## Frattini argument, a special variant.

Hi: In the following, G is a group that acts on the set $\displaystyle \Omega$. For $\displaystyle \alpha \in \Omega, G_\alpha := \{x \in G | \alpha x = \alpha\}$.

Proposition: Suppose that G contains a normal subgroup N, which acts transitively on $\displaystyle \Omega$. Then $\displaystyle G = G_\alpha N$ for every $\displaystyle \alpha \in \Omega$. In particular, $\displaystyle G_\alpha$ is a complement of N in G if $\displaystyle N_\alpha= 1$.

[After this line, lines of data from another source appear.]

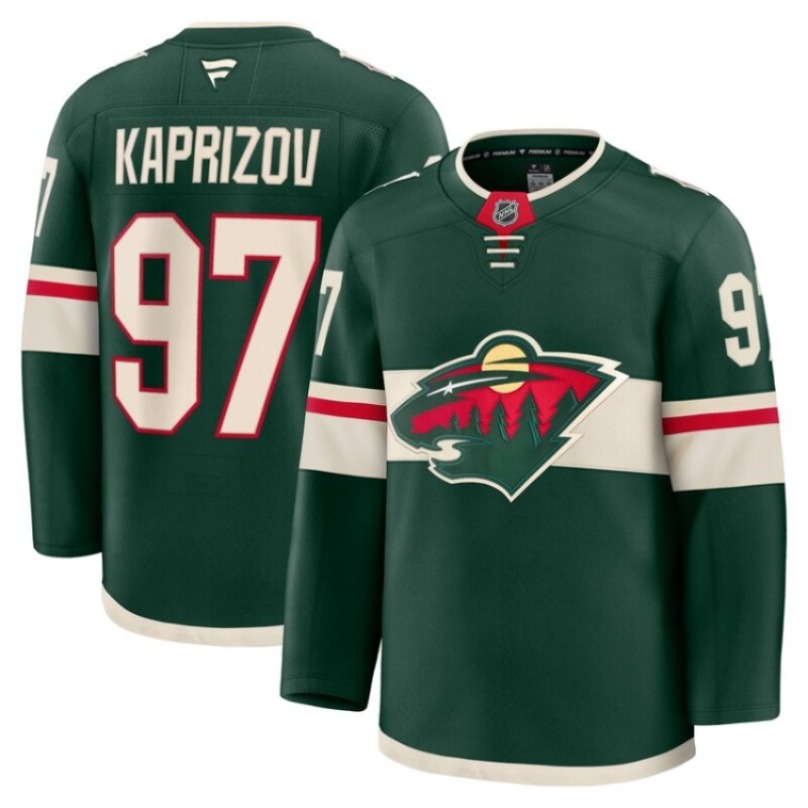 Hockey Wilds 97 Kirill Kaprizov Matthew Boldy Brock Faber Full Tackle Maglie Cu…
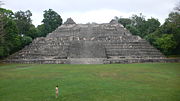 Caana, a Mayan pyramid at Caracol, Cayo District.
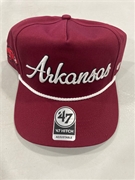 Arkansas Razorbacks NCAA Dark Red Overhand Hitch Snapback Hat *NEW*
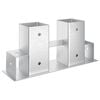 Malkas kaudzes palīgs 12 pcs Sudraba 34 x 10 x 15 cm Tērauds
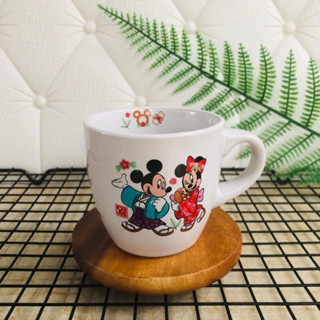 แก้วเซรามิคญี่ปุ่น Tokyo Disney RESORT ลาย Mickey &amp; Minnie มือสอ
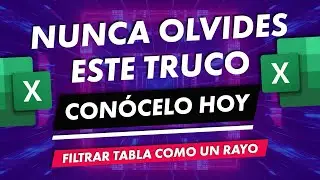Separar una Tabla de Datos en varias Hojas de Excel con un solo Clic (Truco que no debes Olvidar)
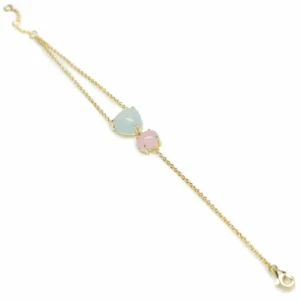Pulseras Con Piedras | LINEARGENT Pulseras con piedras de plata diseño bubble tonos pastel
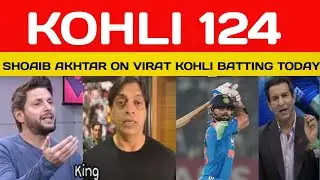 SHOAIB AKHTAR SHOCKED ON VIRAT KOHLI 124 RUNS BRILLIANT BATTING TODAY VS NZ 3RD ODI MATCH 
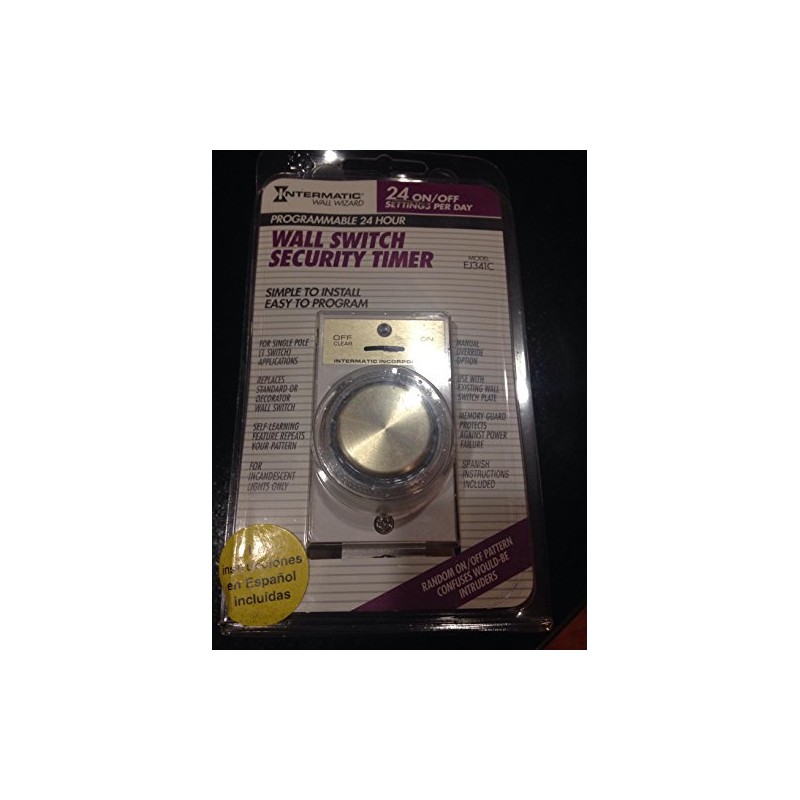 Intermatic EJ341C Programmable 24-Hour Security Timer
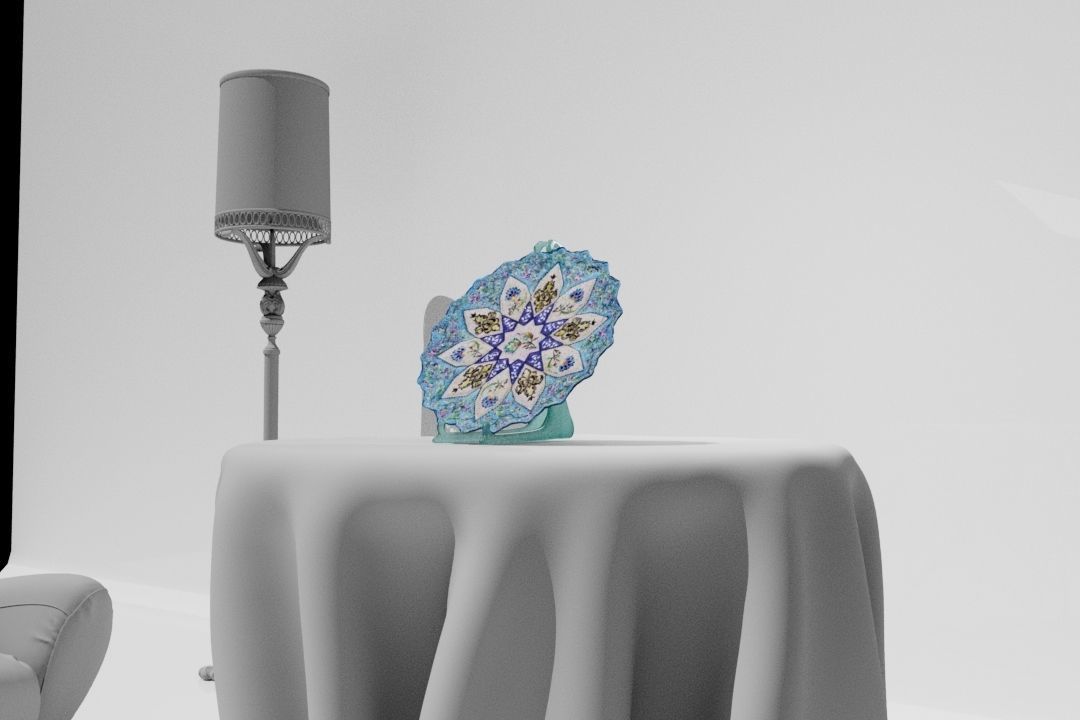 Mina-Mandala dish05 3D model Low-poly 3D model_8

This proposition is in a book, Kurzweil - Stellmacher, The Theory of Finite Groups, An Introduction, Springer, 2004. What I do not understand is why N has to be normal. In the proof given by the author, no use is made of that fact. The proof runs like this:

Let $\displaystyle \alpha \in \Omega$ and $\displaystyle y \in G$. The transitivity of $\displaystyle N$ on $\displaystyle \Omega$ gives an element $\displaystyle x \in N$ such that $\displaystyle \alpha y = \alpha x$. Hence $\displaystyle \alpha yx^{-1} = \alpha$ and thus $\displaystyle yx^{-1} \in G_\alpha$. This shows that $\displaystyle y \in G_\alpha x \subseteq G_\alpha N$.